[[ DATA EXTRACT, beginning ]]
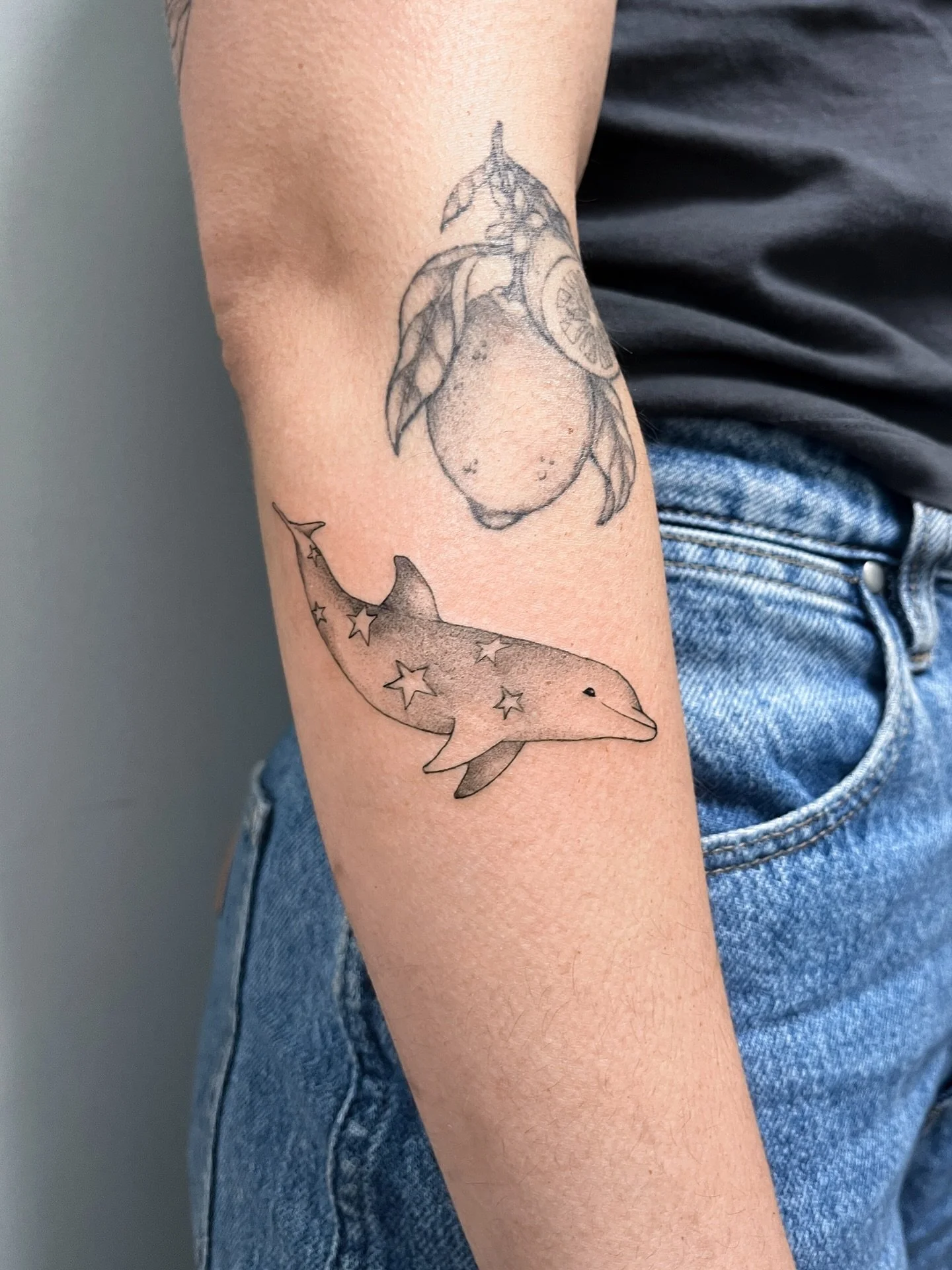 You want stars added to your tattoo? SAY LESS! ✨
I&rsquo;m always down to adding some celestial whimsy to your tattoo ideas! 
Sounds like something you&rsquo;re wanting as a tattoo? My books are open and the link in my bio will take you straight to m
[[ DATA EXTRACT, end ]]
Apply a filter to the listing above so that only lines with "rsquo" are kept, and copy those lines.

I&rsquo;m always down to adding some celestial whimsy to your tattoo ideas! 
Sounds like something you&rsquo;re wanting as a tattoo? My books are open and the link in my bio will take you straight to m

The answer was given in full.